In the shallower waters—especially in the southern North Sea—we must not forget the influence of the tidal streams just mentioned; they may have a most profound effect in modifying the action of the main currents, especially when they vary so enormously in their force between spring and neap tides. At spring tides in certain places a mass of water may be moved for some thirty or forty miles in each direction.
The movements of water in the Irish Sea are also dominated by tidal currents; these flow into it from both ends and follow the general direction of the coast lines. Professor K. F. Bowden, who has given us such an excellent account of these tidal streams (1953), writes, “Knowledge of the non-tidal drift, however, is much less certain and is based on indirect evidence. It was recognised at an early date that the distribution of salinity indicated a north-going drift and in 1907 Knudsen estimated that the rate of flow was such that the water in the Irish Sea would be completely renewed in a year.” After saying that “this implies a flow through the Dublin-Holyhead channel at an average rate of just over a kilometre a day,” he later stresses that, although there seems little doubt about this average northward movement, “its magnitude, its variations and the degree of its dependence on the wind are still uncertain.”
We have now dealt with the main water movements round our islands; later in the book we shall see instances of more local effects and how upwellings and the mixing of waters may be important in producing a richer plankton. I will end the chapter by referring to some surprising and significant plankton records being made by Dr. J. H. Fraser (1952e, 1955) of the Scottish Fishery Laboratory at Aberdeen. In some years, over a wide area to the north of Scotland, he finds plankton animals which we should more usually associate with the latitudes of the Mediterranean; they indeed indicate a very unexpected movement of water. It now appears that some of them may in fact actually have come from the Mediterranean Sea itself.
FIG. 11.
A chart showing the northward flow of the ‘Lusitanian’ plankton; kindly provided by its discoverer Dr. J. H. Fraser of the Scottish Fishery Laboratory, Aberdeen.

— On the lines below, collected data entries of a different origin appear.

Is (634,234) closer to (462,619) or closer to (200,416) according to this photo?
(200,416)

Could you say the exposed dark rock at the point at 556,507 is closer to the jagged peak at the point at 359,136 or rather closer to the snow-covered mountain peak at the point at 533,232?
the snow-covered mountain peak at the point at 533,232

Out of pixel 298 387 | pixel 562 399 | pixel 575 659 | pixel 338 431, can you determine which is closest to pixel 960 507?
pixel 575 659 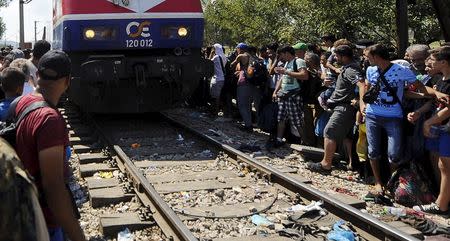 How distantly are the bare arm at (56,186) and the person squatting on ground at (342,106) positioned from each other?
4.69 meters

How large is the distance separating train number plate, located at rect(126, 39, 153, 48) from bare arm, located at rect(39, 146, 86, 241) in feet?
21.6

It has long been known that a surface stream of Atlantic water flows eastwards through the Straits of Gibraltar and that this influx is balanced by an outpouring (at a lower level) of Mediterranean water of very high salinity; this spreads out from the Gulf of Gibraltar underneath the North Atlantic water and some of it is carried north up the edge of the European continental shelf. This movement is well summarised in Sverdrup, Johnson and Fleming’s important book The Oceans (1942, pp. 646, 685–6) which, for the serious student, gives such an excellent account of the main results of modern oceanography. Dr. L. H. N. Cooper of the Plymouth Laboratory has recently (1952) made a study of the distribution of this water to the west of the British Isles as it continues northward below the Atlantic water at a depth of some 600 to 1,200 metres. How far north it goes seems to vary greatly in different years; in some it appears to go no further than the west of Ireland, but in other years it flows onwards to upwell and spread over the continental shelf. Its course has been followed by Dr. Fraser by finding its typical but exotic fauna in his plankton nets; to the west he finds it deep down—but let me quote from his recent paper.

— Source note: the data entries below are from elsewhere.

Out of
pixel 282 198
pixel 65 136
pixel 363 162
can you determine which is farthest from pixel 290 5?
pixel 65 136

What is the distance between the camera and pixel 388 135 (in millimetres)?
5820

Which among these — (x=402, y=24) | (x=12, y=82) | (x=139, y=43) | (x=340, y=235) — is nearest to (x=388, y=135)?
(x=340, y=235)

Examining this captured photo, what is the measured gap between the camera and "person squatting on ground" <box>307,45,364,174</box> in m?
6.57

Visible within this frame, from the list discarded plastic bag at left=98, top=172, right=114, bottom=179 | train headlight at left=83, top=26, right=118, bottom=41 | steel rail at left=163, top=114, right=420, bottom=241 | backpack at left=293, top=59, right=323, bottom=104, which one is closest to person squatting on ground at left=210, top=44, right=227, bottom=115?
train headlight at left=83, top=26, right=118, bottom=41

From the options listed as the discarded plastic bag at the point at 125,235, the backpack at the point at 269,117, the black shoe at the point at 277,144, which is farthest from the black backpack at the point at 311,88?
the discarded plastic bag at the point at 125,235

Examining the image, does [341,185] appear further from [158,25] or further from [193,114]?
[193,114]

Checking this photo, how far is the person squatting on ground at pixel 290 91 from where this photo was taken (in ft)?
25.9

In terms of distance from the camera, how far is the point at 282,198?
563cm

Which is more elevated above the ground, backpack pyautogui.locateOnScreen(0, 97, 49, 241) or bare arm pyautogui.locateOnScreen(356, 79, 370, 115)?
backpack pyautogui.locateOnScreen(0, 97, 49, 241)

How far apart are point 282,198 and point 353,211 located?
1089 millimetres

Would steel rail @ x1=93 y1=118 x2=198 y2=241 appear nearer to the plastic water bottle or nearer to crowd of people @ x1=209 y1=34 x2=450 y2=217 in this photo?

“It apparently follows the edge of the Hebridean Continental shelf, mixing on its western edge with open oceanic water, and upwells somewhat on the east side to overflow and mix with coastal water on the shelf. In some years this current may not reach Scotland or is too weak to be recognised, but on occasions it is sufficiently strong to continue into the South side of the Faroe Channel, though it only rarely penetrates beyond the north of Shetland. Frequently, however, it mixes with the coastal water on the shelf and the resulting mixture floods the area to the west of Orkney and often passes through the Fair Isle-Orkney Passage into the Moray Firth area.”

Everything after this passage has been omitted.